(DATA TO USE Opens)

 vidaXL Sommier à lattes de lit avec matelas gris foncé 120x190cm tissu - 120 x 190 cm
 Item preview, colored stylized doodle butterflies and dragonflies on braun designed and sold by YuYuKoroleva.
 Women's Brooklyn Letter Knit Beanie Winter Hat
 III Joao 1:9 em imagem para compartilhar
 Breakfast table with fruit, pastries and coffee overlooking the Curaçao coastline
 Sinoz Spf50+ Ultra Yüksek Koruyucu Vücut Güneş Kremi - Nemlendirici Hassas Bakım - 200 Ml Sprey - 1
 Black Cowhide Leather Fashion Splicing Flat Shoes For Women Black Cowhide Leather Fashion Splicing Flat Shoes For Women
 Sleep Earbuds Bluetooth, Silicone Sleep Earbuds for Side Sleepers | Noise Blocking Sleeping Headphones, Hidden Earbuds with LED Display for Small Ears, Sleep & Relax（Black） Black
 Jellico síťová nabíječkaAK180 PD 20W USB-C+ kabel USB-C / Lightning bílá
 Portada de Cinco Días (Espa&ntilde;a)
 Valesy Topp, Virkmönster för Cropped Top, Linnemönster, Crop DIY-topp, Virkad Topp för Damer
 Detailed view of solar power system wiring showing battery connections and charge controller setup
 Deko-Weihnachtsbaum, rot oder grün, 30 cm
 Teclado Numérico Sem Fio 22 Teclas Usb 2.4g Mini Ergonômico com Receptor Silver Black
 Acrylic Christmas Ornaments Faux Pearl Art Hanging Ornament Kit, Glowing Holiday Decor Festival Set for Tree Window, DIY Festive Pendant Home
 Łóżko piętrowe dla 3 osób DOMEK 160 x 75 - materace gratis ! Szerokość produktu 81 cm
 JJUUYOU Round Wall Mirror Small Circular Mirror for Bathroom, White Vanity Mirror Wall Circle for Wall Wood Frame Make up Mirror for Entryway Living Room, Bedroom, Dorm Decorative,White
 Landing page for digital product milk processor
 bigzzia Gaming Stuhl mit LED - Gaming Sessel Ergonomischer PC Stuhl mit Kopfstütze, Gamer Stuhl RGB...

(DATA TO USE Closes)

## TASK STATEMENT
After reading through the material, report every line that holds "Women".

## WRITTEN REPLY
 Women's Brooklyn Letter Knit Beanie Winter Hat
 Black Cowhide Leather Fashion Splicing Flat Shoes For Women Black Cowhide Leather Fashion Splicing Flat Shoes For Women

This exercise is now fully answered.